I mention this because the past four years have been nothing great for Procter & Gamble. In fact, you could argue that it has been one of the worst relative stretches in the company’s history because it has only grown revenues by 2.5% annually over the past four years and had to dedicate some cash to building the brand back up rather than sending that money back out the door for dividends and buybacks (during Lafley’s first reign, the company underinvested into bottle quality, increased the water concentration in some cleaning supplies, and engaged in other product devaluations that started to show up in trade publications that reported market share gains by Kimberly-Clark, Colgate-Palmolive, and Reckitt-Benckiser).
But look at what happened during this “rough” period: Every share went from collecting $1.97 to $2.65, and the share count simultaneously increased from 100 to 116.8 with dividend reinvestment. The annual income grew from $197 for every 100 shares to $309 because the 100 shares picked up 16.8 friends. We are talking 56.8% total income growth since 2011.
Johnson & Johnson tells a similar story over the past four years. The $2.25 dividend in 2011 now sits at $3 per share. By the end of the year, Johnson & Johnson investors will have collected $12.92 in dividends that got reinvested at an average price of $82.43 per share. The net result is that each share of J&J picked up 0.156 additional shares from dividend reinvestment. Someone with 100 shares in 2011 would have grown $225 in initial annual income into 115.6 shares collecting $346 in annual income. The cumulative growth over the past four years has been 53.7%.
I mention this because some people put up mental blocks when they hear the same high-quality stocks repeated over and over again on every site. Everyone who has read ten or more investment articles has encountered these names. Everyone is familiar with the dividend histories going back 100+ with annual dividend raises for over the past fifty. This is my way of saying don’t forget about the basics.
Some people think that the rapid rise of the American multinational company in the years after WWII as Japan and Europe rebuilt provided a one-time bonus that came with an expiration date that has either fast approached or is rapidly approaching. It’s easy to talk yourself into selling great assets.

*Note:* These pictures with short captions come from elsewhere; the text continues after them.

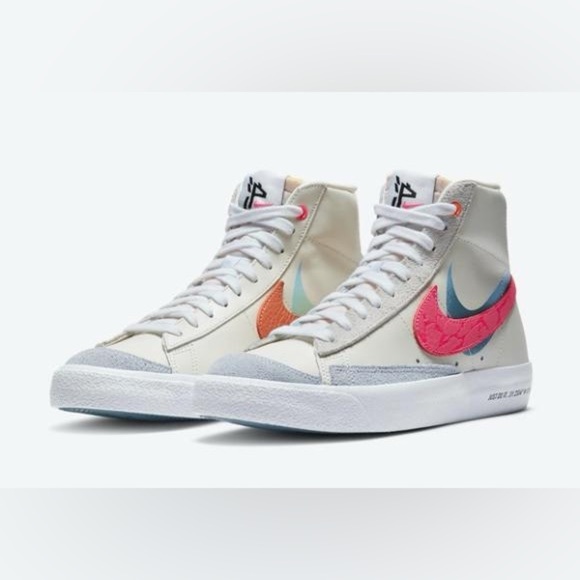 Nike Blazer Mid ’77 “Shanghai” Textured Double-Swoosh Logos 10 pink blue orange - Picture 1 of 12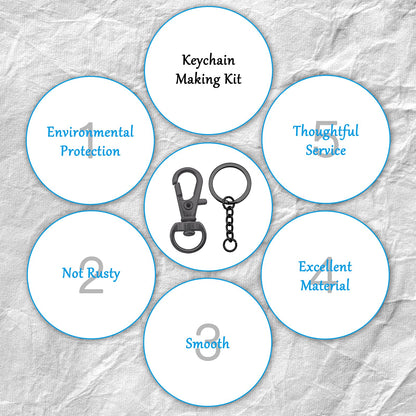 150Pcs Swivel Snap Hook Set,Gun Black Swivel Clasps Lanyard Snap Keychain Hooks Lobster Clasp Split Key Rings with Chain and Jump Rings Bulk for Keychain Lanyard,Charm,Jewelry,DIY Crafts Supplies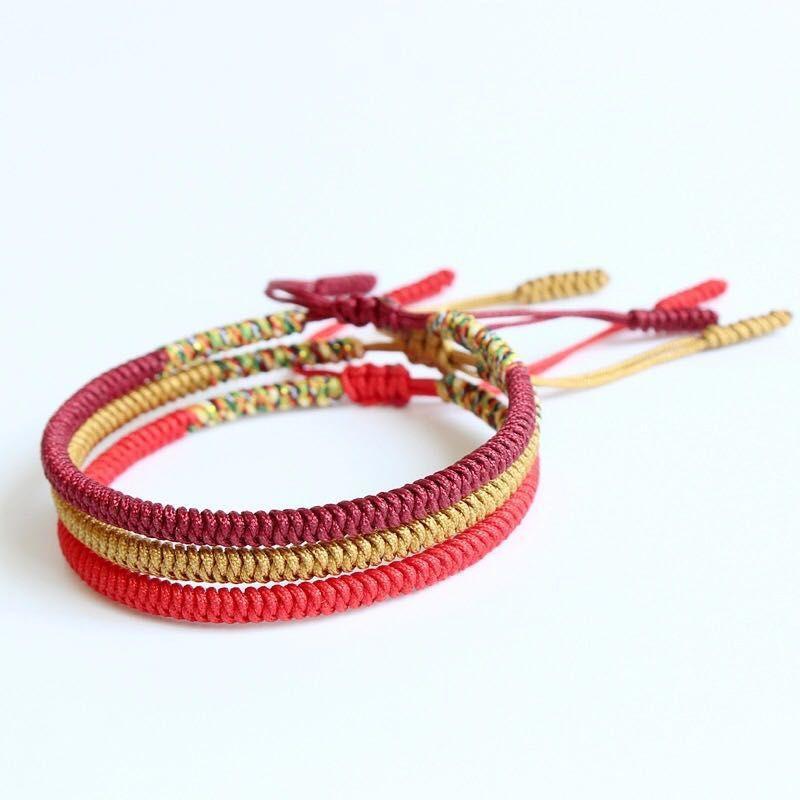 Tibetan bracelet braided with red and gold hand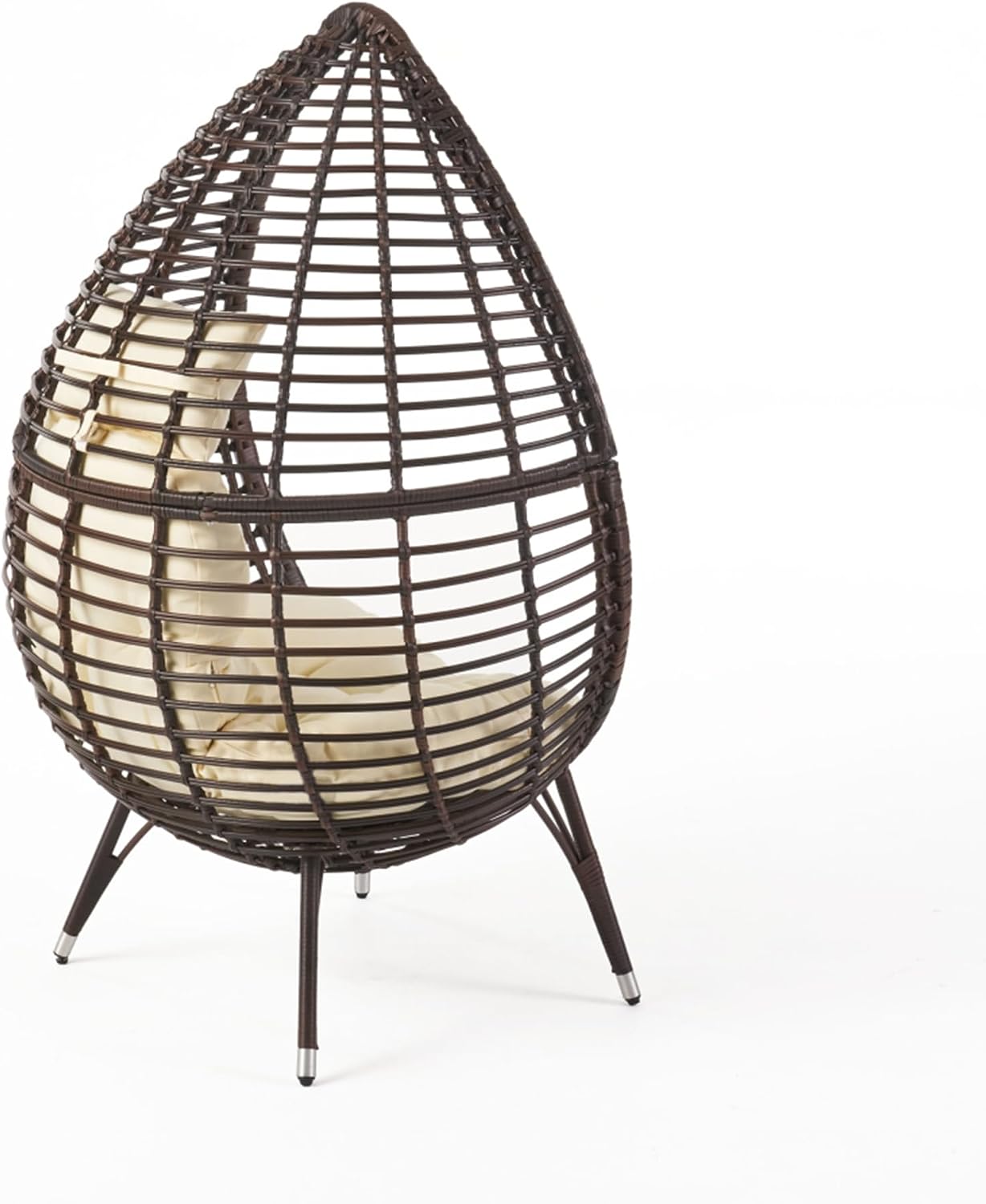 Cutter Teardrop Egg Chair Papasan Comfy Wicker Hanging Cushion Bedroom Indoor Outdoor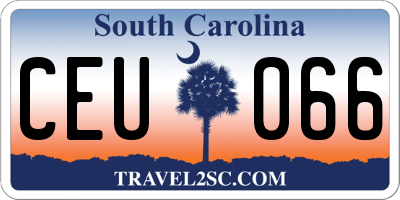 SC license plate CEU066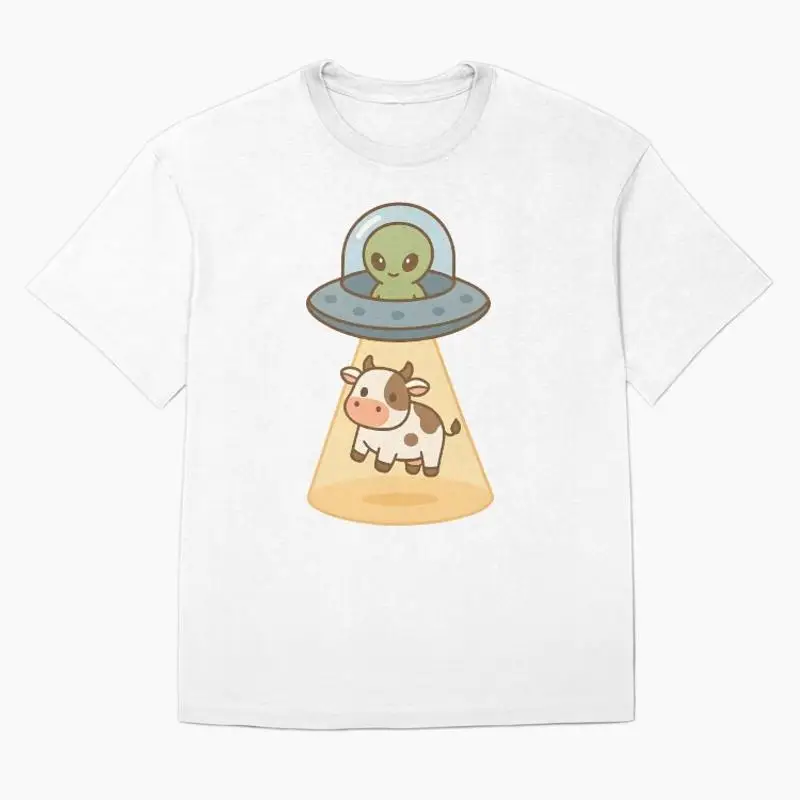 Alien Abducts A Cow Oversized T-Shirt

What people tend to miss is that: (1) these companies retain at least a third of their profits to invest in future growth, (2) they generate just as much wealth from dividends and share buybacks as overall profit growth. People think, “Oh, Procter & Gamble is a $200 billion company. No way it could be worth a trillion dollars.” That kind of logic ignores the portion of the total return that comes from the 3.3% yield that gets reinvested, and the other component of the total return that is the result of buybacks reducing the 2.7 billion shares outstanding. It is not just the market cap expanding that matters, but the number of claimants on the profits as well, and (3) inflation plus acquisitions constantly force us to re-evaluate our idea of big. Telling someone in the 1950s that Procter & Gamble would one day have two dozen brands selling $1 billion per year would have seemed absurd. It’s the “Back in my day, cheeseburgers cost a nickel” phenomenon. That story will continue to play out, and there will be a few dozen trillion-dollar companies twenty years from now.
This is also an important reminder on why I regard hold and buy as distinctly different things. I do not subscribe to the “If I shouldn’t buy it right now, why should I own it?” mindset that advocates higher portfolio churn resulting in sales fees and taxes. Just because Procter & Gamble traded at $94 last year doesn’t mean it was wise to sell it then. It’s on pace to make $6 per share in 2019, and will probably trade at $125 if it is rationally valued then. Plus, you will collect the dividends. If you sell, you pay the fees and reduce your capital pool and create a lifestyle where you never experience seeds growing 50% or more in a four year period.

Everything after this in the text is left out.